Series: Wyatt Hunt Novels | Publication Date: January 12, 2010
Wyatt Hunt-hero of John Lescroart's New York Times bestseller --returns with a new protégé, in an intricate, tightly plotted thriller set against San Francisco's glamorous charity circuit
Mickey Dade hates deskwork, but that's all he's been doing at Wyatt Hunt's private investigative service, The Hunt Club. His itch to be active is answered when a body is discovered: It's Dominic Como, one of San Francisco's most high-profile activists-a charismatic man known as much for his expensive suits as his work on a half dozen nonprofit boards. One "person of interest" in the case is Como's business associate, Alicia Thorpe-young, gorgeous, and the sister of one of Mickey's friends.
As Mickey and Hunt are pulled into the case, they soon learn that the city's golden fundraiser was involved in some highly suspect deals. And the lovely Alicia knows more about this-and more about Como-than she's letting on.
Treasure Hunt is both a nail-biting thriller and a coming-of-age story, filled with Lescroart's trademark San Francisco flavors. Mickey Dade, its young protagonist, gradually learns the hard lessons Hunt knows only too well, as the world he though he knew unravels around him.
Lescroart, the author of the New York Times best-selling series starring Dismas Hardy and Abe Glitsky, introduced new series lead Wyatt Hunt in 2005’s Hunt Club. Hunt makes appearances in both The Suspect (2006) and A Plague of Secrets (2009), but he returns to center stage in this new thriller set amid San Francisco’s thriving nonprofit world. When the body of Dominic Cuomo is found in a lagoon, the movers and shakers in local charity organizations are shocked. Cuomo had been doing good work for years, sat on the boards of six major charities, and was loved by many. Hunt and his associates decide to run interference for the police, setting up a hot-line number and a substantial reward for any tips leading to an arrest. They have plenty of work cut out for them when they are soon flooded with calls from psychics and crackpots. However, they find any number of suspects when they discover that the nonprofit world is rife with corruption and that beloved do-gooder Cuomo had a soft spot for the ladies. With in-depth characterizations of two loyal Hunt associates, siblings Hunt rescued from their heroin-addicted mother; a lovingly detailed San Francisco backdrop; and an intricately developed plot, Treasure Hunt is sure to satisfy Lescroart’s legion of fans. --Joanne Wilkinson
John Lescroart (pronounced "less-kwah") is a big believer in hard work and single-minded dedication, although he'll acknowledge that a little luck never hurts. Now a New York Times bestselling author whose books have been translated into 16 languages in more than 75 countries, John wrote his first novel in college and the second one a year after he graduated from Cal Berkeley in 1970
The only hitch was that he didn't even try to publish either of these books until fourteen years later, when finally, at his wife Lisa's urging, he submitted Son of Holmes to New York publishers--and got two offers, one in hardcover, within six weeks!

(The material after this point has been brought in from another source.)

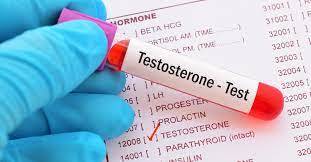 ماذا تريد أن تعرف عن انخفاض هرمون التستوستيرون؟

But about six years before that first hardcover publication, John's ambition to become a working novelist began to take shape. At that time, as Johnny Capo of Johnny Capo and His Real Good Band, he'd been performing his own songs for several years at clubs and saloons in the San Francisco Bay Area. On his 30th birthday, figuring that if he hadn't made it in music by then, he never would, he retired from the music business.
He'd been writing all along, and didn't stop now, although his emphasis changed from music first, prose second, to the other way around. Within two months of his last musical gig, he finished a novel, Sunburn that drew on his experiences in Spain. Since John didn't know anyone in the publishing world, he sent the manuscript to his old high school English teacher, who was not enthusiastic. Fortunately, the teacher left the pages on his bedside table, and his wife picked them up and read them. She loved the book and submitted it in John's name to The Joseph Henry Jackson Award, given yearly by the San Francisco Foundation for Best Novel by a California author. Much to John's astonishment, SUNBURN beat out 280 other entrants, including Interview With A Vampire, for the prize.

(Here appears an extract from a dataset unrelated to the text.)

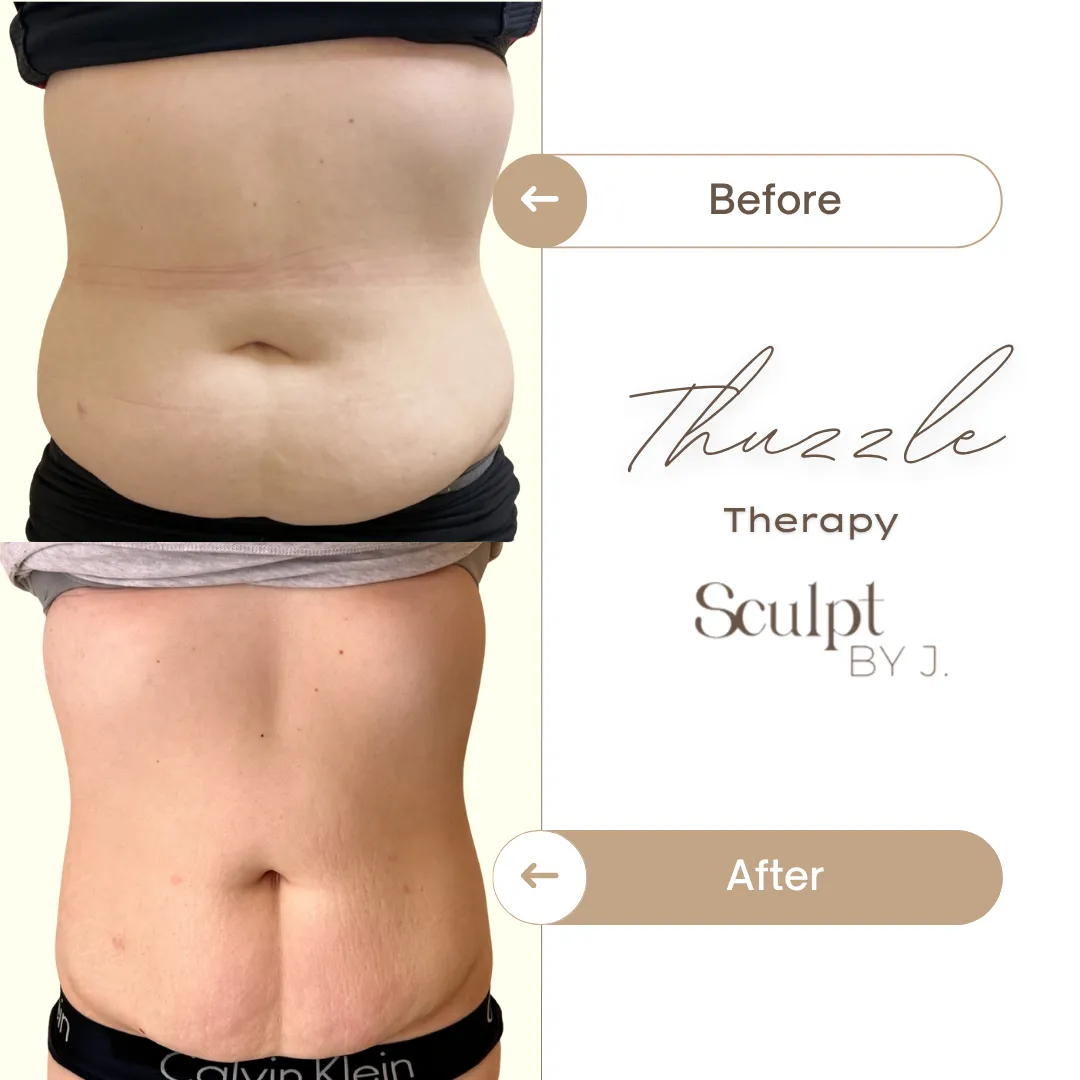 Deep Lipolysis Body Result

Though Sunburn wasn't to be published for another four years, and then only in paperback, the award changed John's approach to writing. He started to think he might make a living as an author, something he'd never previously believed possible for a "regular guy with no connections." He started paying for his writing habit by working a succession of "day jobs"--everything from a computer programmer with the telephone company, to Ad Director of Guitar Player Magazine, to moving man, house painter, bartender (at the real Little Shamrock bar in San Francisco), legal secretary, fundraising executive, and management consultant writing briefs on coal transportation for the Interstate Commerce Commission!!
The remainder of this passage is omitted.